PHIL 378 Philosophy and Intersectionality
- Level 3 or above.
None.
one-way Exclusions
- Lectures
- TBA
Instructor: Dalitso Ruwe
Intersectionality has proven to be a powerful legal theory that has advanced that legal remedies focused on racial discrimination have focused on ameliorating the conditions of Black males while legal remedies focused on sex discrimination have focused on white women, as such Black women given their race and gender are disadvantaged by race and sex legal remedies that do not account for their intersecting identity. Following post-intersectionality critiques that have challenged intersectional readings of Black male as being advantaged in legal remedies, this class will explore the fact that despite the mountainous empirical studies showing that Black males are the most incarcerated, the most unemployed, the least educated, and have the highest rate of homicide in the United States, there is little theory that speaks to the forces that oppress Black males beyond generic theories of racism.
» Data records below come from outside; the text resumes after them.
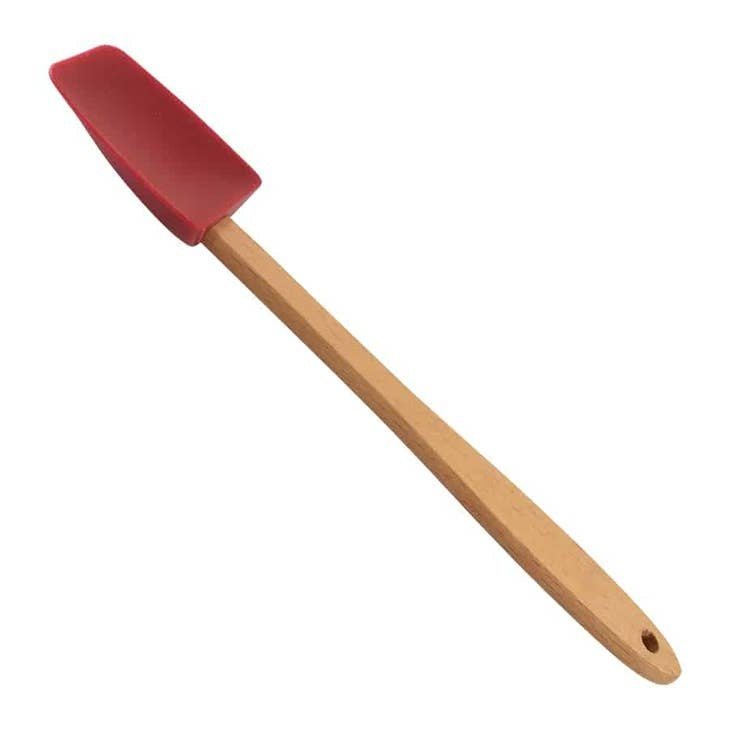 Mini silicone spatula with a compact handle designed to slide under delicate foods.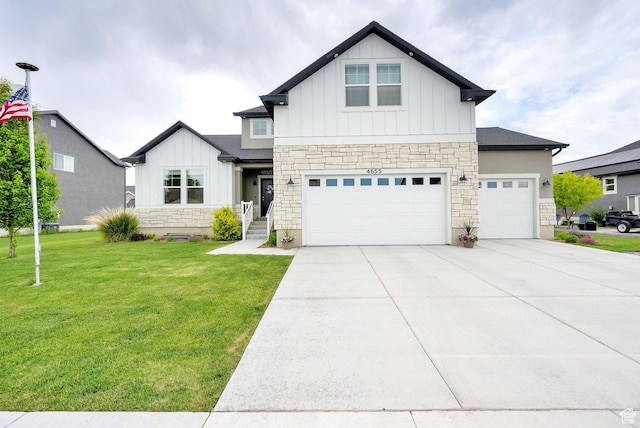 4655 N Ibapah St, Eagle Mountain, UT 84005 - view of front of house featuring board and batten siding, stone siding, a front yard, driveway, and a garage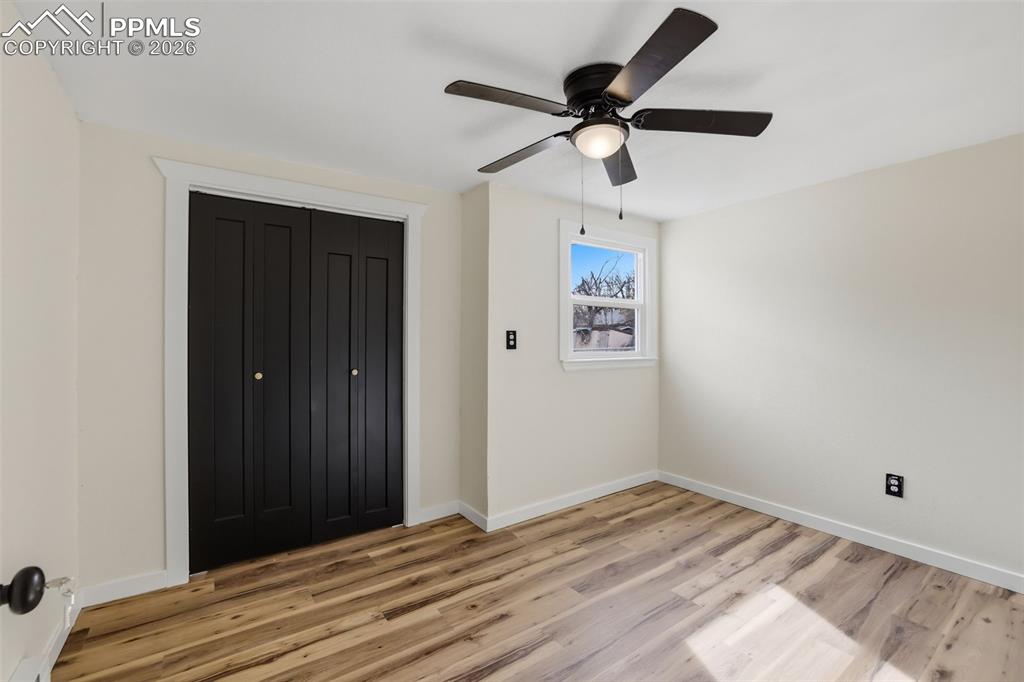 Image 28 of 36: Unfurnished bedroom featuring a closet, light wood finished floors, and cei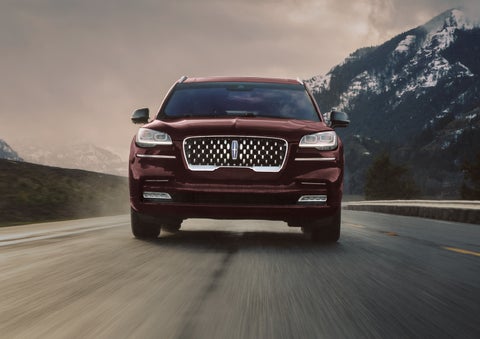 A 2024 Lincoln Aviator® SUV is shown in the Diamond Red exterior color. | Krenzen Lincoln in Duluth MN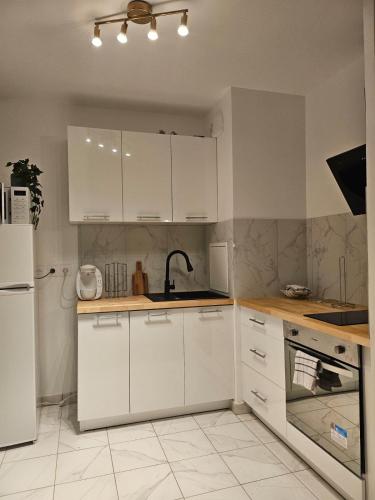 une cuisine avec des armoires blanches, un évier et un réfrigérateur dans l'établissement Appart 10 min Euro Disney - Bussy Saint Georges, à Bussy-Saint-Georges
In this course, the Black male will be understood as a victim of the genocidal logics of patriarchy rather than its inheritor.
Learning Outcomes
This course will: (1) familiarize students with 19th century ethnology, (2) explore the various accounts of the rape of Black men during slavery and Jim Crown by white men and women, (3) the debates between lynching advocates and progressives who advocated castration, (4) utilize empirical findings concerning Black males’ actual gender attitudes and activism concerning sexual violence in the 20th century, and (5) learn the various literatures of social dominance theory which focus on the lethal violence against Black men and boys.